What's for dinner?

 

 

 

 

 

 

 

 

 

 

 

 

 

 

 

 

 

 

 

 

 

 

 

          When food is plentiful, the average wolf will eat anywhere from five to twelve pounds of food a day.  A full grown wolf, however, can eat as much as twenty pounds of meat at one time.  Wolves tend to eat whatever their environment offers.  In addition to active hunting, wolves also scavenge for food.

          In the tundra, wolves prefer caribou, but they have been known to eat mice, ground squirrels, and various birds.  Red wolves tend to eat these smaller animals more often than the larger gray wolves.  Raccoon and white-tailed deer are also a main staple in the red wolf's diet.

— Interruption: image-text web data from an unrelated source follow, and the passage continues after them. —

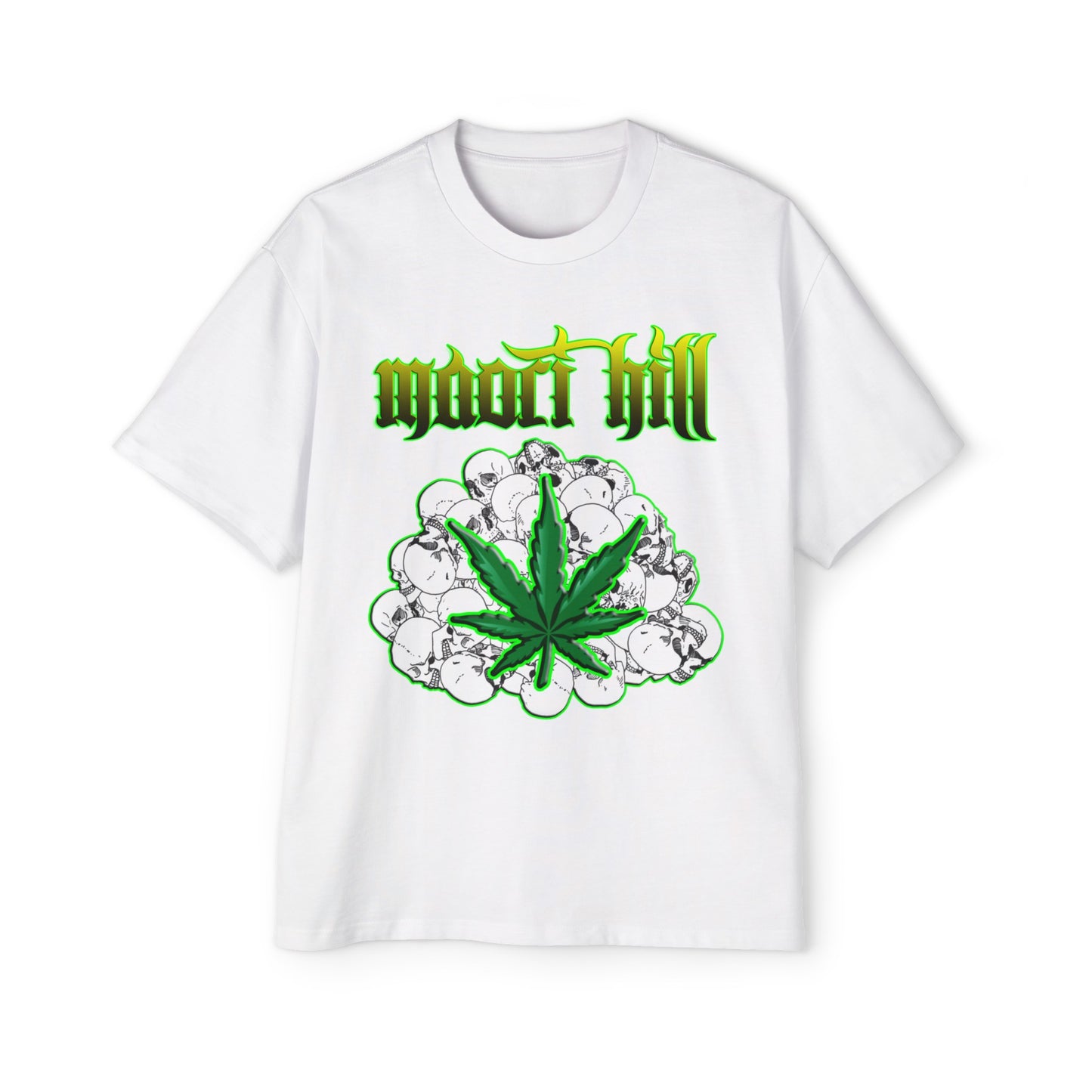 DCL Maori Hill White Tee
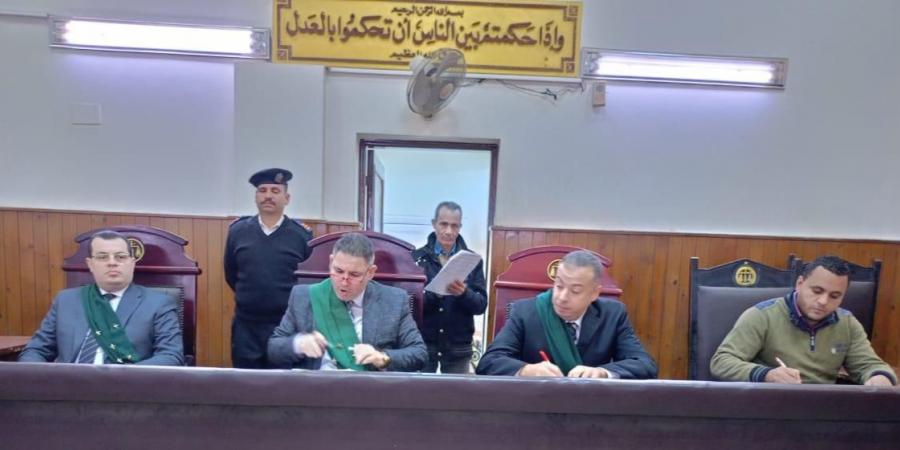 المشدد لمنال ..سهلت بتقرير طبي مزور صرف معاش تأميني بالمنيا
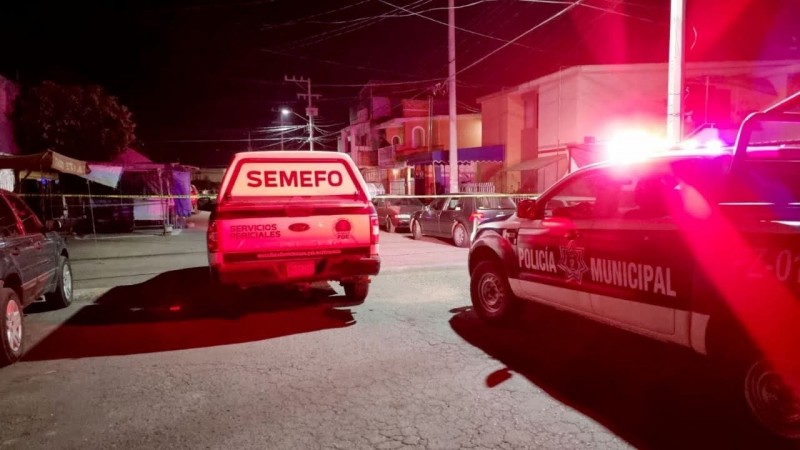 Apatzingán: matan de 14 tiros a hombre, tras problema familiar 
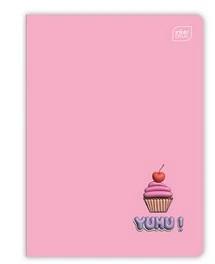 Zeszyt A5 32 linia mix wzorów INTERDRUK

          Wolf food selection changes with the seasons.  In Canada, for example, gray wolves hunting alone in the summer months turn to beaver.  When hunting in pack formation in the winter, they hunt game animals such as bison, caribou, deer, elk, moose, and musk oxen.  While it is easier for wolves to hunt these larger animals as a pack, they are capable of killing them individually.  Wolves also rely on fish as a year-round source of nourishment where fish are plentiful.  Not all wolves, however, have the luxury of a varied food supply.  In Ethiopia, for example, where there is much competition for food among packs, wolves live entirely off rodents.